● Exercise requirements: Check each line of the listing for the string "Mini". Copy those where it appears.

● Material for this exercise:
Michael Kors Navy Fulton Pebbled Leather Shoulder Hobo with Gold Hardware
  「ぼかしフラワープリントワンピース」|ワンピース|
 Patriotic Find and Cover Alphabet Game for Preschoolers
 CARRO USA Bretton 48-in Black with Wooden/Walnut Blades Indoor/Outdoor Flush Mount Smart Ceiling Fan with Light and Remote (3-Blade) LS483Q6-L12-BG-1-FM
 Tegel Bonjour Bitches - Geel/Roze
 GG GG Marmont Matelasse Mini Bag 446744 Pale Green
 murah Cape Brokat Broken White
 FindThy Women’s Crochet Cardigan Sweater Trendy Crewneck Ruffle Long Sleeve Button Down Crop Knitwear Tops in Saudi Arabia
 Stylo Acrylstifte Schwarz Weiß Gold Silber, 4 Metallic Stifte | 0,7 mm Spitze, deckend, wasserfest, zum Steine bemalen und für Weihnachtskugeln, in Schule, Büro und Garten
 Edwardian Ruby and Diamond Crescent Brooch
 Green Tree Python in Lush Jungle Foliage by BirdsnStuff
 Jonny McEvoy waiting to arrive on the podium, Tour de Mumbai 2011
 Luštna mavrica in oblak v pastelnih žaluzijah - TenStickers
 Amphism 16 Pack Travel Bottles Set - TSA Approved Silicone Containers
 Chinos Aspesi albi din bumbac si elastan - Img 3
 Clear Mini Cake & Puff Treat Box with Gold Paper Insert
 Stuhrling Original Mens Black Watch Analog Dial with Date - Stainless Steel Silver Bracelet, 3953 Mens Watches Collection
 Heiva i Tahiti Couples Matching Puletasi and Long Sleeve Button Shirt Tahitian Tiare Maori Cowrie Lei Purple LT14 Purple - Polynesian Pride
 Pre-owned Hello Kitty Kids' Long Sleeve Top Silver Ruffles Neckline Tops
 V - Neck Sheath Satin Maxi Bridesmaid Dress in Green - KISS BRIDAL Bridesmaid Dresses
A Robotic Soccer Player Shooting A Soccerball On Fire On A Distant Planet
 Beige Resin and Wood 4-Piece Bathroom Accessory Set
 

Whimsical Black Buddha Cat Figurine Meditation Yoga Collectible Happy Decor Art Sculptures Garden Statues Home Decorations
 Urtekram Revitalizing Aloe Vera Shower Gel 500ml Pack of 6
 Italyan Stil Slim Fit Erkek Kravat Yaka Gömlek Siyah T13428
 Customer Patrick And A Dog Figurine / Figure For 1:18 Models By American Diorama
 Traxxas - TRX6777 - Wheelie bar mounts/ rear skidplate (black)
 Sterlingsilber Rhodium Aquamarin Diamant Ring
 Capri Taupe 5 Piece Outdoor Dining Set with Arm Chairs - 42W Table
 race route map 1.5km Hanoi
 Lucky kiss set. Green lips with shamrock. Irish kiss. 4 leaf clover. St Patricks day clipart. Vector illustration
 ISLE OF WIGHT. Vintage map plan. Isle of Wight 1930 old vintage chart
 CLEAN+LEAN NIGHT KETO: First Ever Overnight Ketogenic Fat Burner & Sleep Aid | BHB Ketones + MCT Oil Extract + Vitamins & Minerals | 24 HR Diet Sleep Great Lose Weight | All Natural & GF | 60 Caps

● Result:
 GG GG Marmont Matelasse Mini Bag 446744 Pale Green
 Clear Mini Cake & Puff Treat Box with Gold Paper Insert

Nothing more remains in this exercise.